The aerial reconnaissance photographs that would make its image familiar to most of the world in 1916 emphasized the sullen, determined simplicity of a design which had served fortification since the days of Louis XIV’s military architect, the Marquis de Vauban. The view from above revealed an outline in the shape of a polygon, or star, with its apex pointing north and its entrance in the center of the inwardly recessed southern wall. Zones of barbed wire, a line of metal spikes and a dry moat that could be covered by enfilading fire from the corners of the polygon defended the approaches. The flat surface of the roof, made of reinforced concrete below a heavy layer of soil, was broken by revolving turrets housing machine-gun posts, a big 155mm gun and several 75mm guns, two of them sharing a so-called Casemate de Bourges. They could all be retracted under the protection of huge metal domes, leaving little or nothing to be seen from the air of the fort’s real strength. This lay belowground, where the gloomy, echoing maze of galleries and rooms, still lit only by kerosene lamps in 1916, could house a working garrison of about 1,000 soldiers.
S’ensevelir sous les ruines du fort plutôt que de le rendre, proclaimed the motto inscribed in the underground corridors of Douaumont and the other Verdun forts: “Rather be buried beneath the ruins of the fort than surrender.” After mobilization in 1914 there were in fact about 500 men in Douaumont to contemplate the prospect of sacrificing themselves in this fashion. Yet the French high command soon judged that the opening stages of the war had made their position irrelevant and outmoded. The ease with which the Germans had taken the Belgian forts of Liège and Namur and the French fort of Manonviller had seemed to demonstrate the ineffectiveness of any fort against the new generation of artillery, so the men and weaponry lodged in Douaumont would be more safely and usefully deployed in the field.

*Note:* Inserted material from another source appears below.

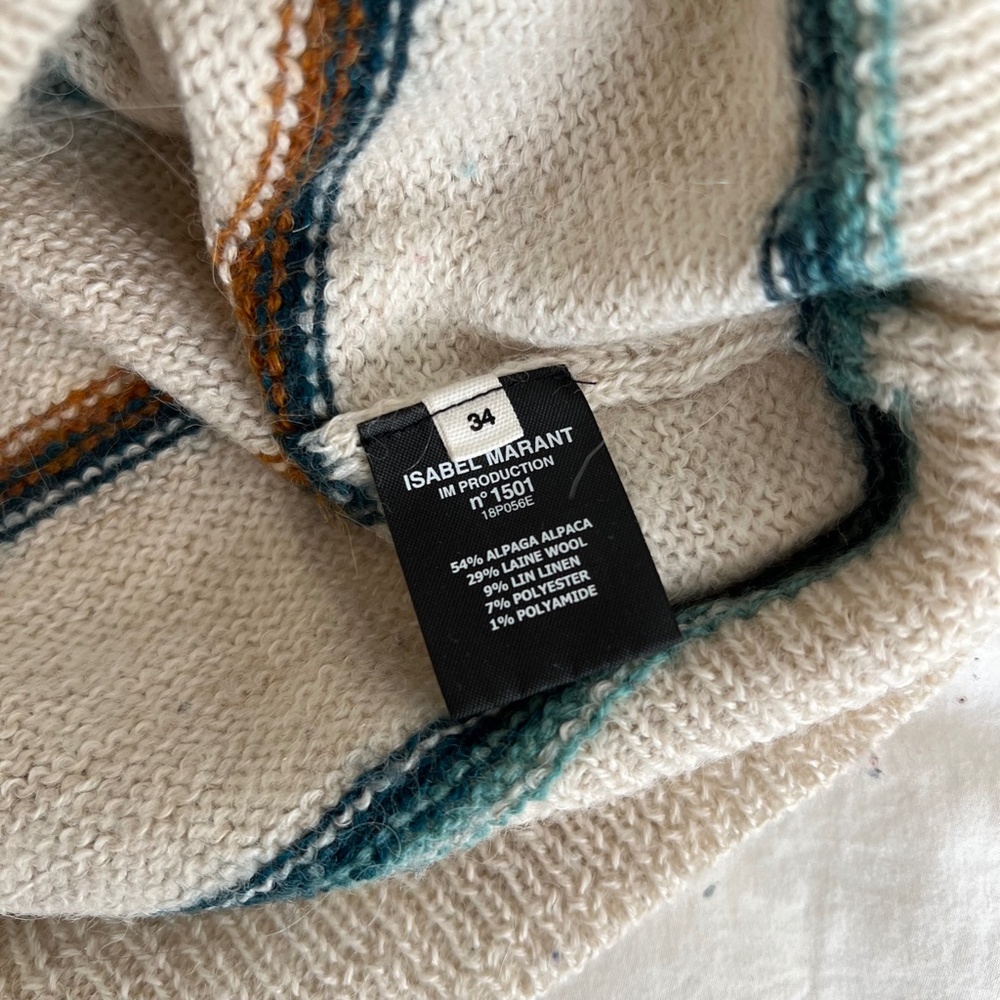 Isabel Marant Cream Striped Crewneck Sweater - Picture 3 of 3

This lesson overlooked the fact that the business of subduing Liège had at the time seemed to the Germans an agonizing hitch in their advance, as well as the fact that the Verdun forts had withstood the assault of autumn 1914 without suffering serious damage. Yet Joffre and his staff soon converted it into dogma because it suited their assumptions, and Joffre, in particular, was never a man to question his assumptions. The whole bias of his thinking, like that of virtually all his contemporaries, inclined to offensive and not defensive strategy. “Whatever the circumstance,” said the first sentence of Plan XVII, Joffre’s counterpart to the Schlieffen Plan, “it is the Commander-in-Chief’s intention to advance with all forces united to attack the German armies.” So little time did he have for the very concept of defense, indeed, that he insisted on describing his last-ditch defense at the Marne as an attack. This curious blurring of distinctions, moreover, answered not just to the temper of military thinking but to the whole temper of the nation.